Quanto à proteção móvel – ou natural, já que não danifica a rocha –, tal como nuts, friends, bicos de pedra, afirmo que ela é absolutamente segura quando corretamente empregada, e seu uso é a regra, e não a exceção, em todo o mundo. Há quem diga que nuts não deveriam ser usados, pois nem todos sabem lidar com eles ou mesmo não os possuem. Ora, qualquer técnica só pode ser posta em prática se houver um aprendizado prévio, e o uso de nuts, como qualquer outra em escalada, deve ter o seu ensino difundido para todos. Bater grampos ao lado de boas fendas, visando torná-las acessíveis para todos, seria como se o Comitê Organizador das Corridas de Fórmula I franqueasse suas provas a carros de passeio, para que todos nelas pudessem tomar parte. As únicas diferenças correm por conta da natureza competitiva daquele esporte, estranha ao Montanhismo, e pelo fato de que qualquer um com vontade e disposição reais pode repetir as vias em nuts.
E quanto à alegação de que poucos possuem jogos de nuts, esta é improcedente, pois já vai longe o tempo em que estes eram uma raridade, e atualmente já existem até alguns de fabricação nacional, e todos sabemos como obtê-los.
Para concluir, gostaria de lembrar a todos os montanhistas presentes, mas especialmente aos mais novos que, no momento atual, estamos diante de uma encruzilhada que decidirá qual o futuro do nosso esporte. Está em jogo o nosso maior patrimônio, ou seja, o conjunto de paredes rochosas que nos circundam, e que serão legadas àqueles que nos sucederem. Cabe então a cada um, com base nesses fatos que saltam aos olhos de quem quiser vê-los, escolher o seu caminho. Pode ser o caminho fácil que conduz ao passado, o da despreocupação com estilo e com a integridade física e estética da rocha, onde qualquer dificuldade pode ser imediatamente substituída por um grampo; ou pode ser o caminho muito mais árduo e exigente da escalada natural, onde dedicação – por vezes obstinação – e firmeza de propósitos são requisitos indispensáveis. Um caminho onde insucessos são mais freqüentes, mas que por outro lado, e por este mesmo motivo, as recompensas interiores de uma vitória são incomparavelmente maiores, já que derivam de um encontro justo com a montanha.

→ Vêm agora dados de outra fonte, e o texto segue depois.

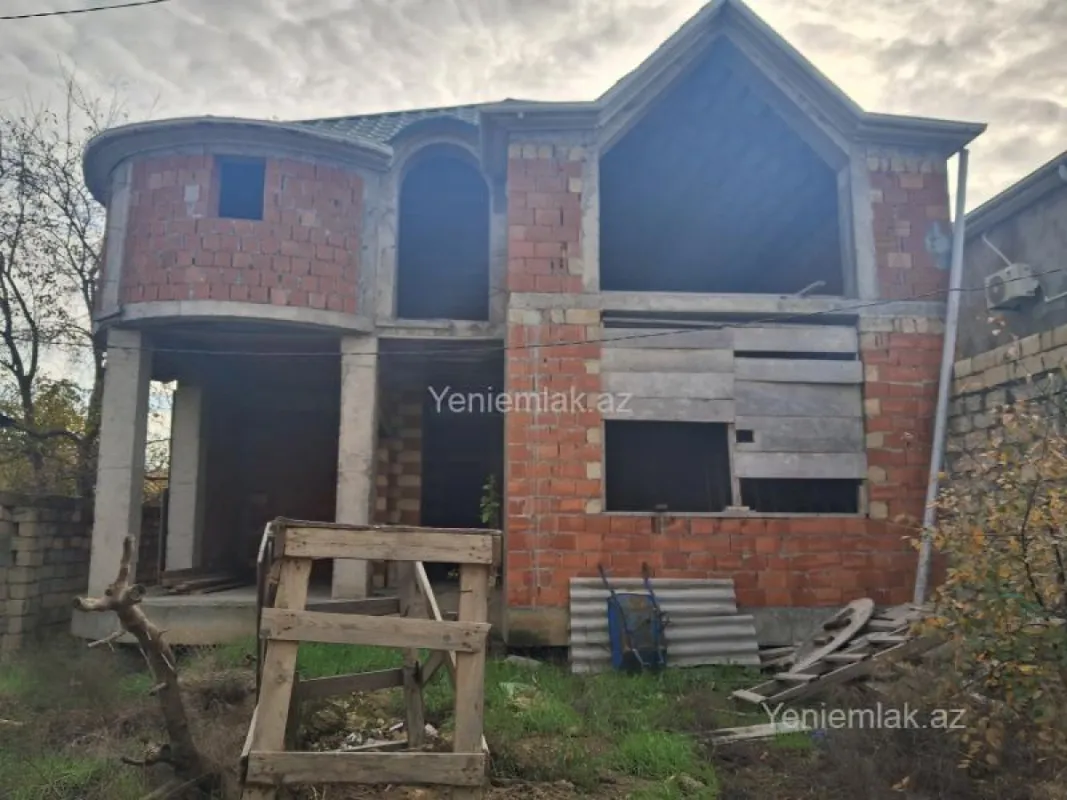 Satılır 5 otaqlı həyət evi 230 m²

Se esse rumo for o escolhido por todos, então poderemos afirmar com segurança que a escalada em rocha no Brasil irá ocupar, em breve, o lugar de destaque que merece, tanto dentro quanto fora de nossas fronteiras.
Texto distribuído por André Ilha juntamente com o “Manifesto da Escalada Natural”, de setembro de 1983, em sua versão impressa.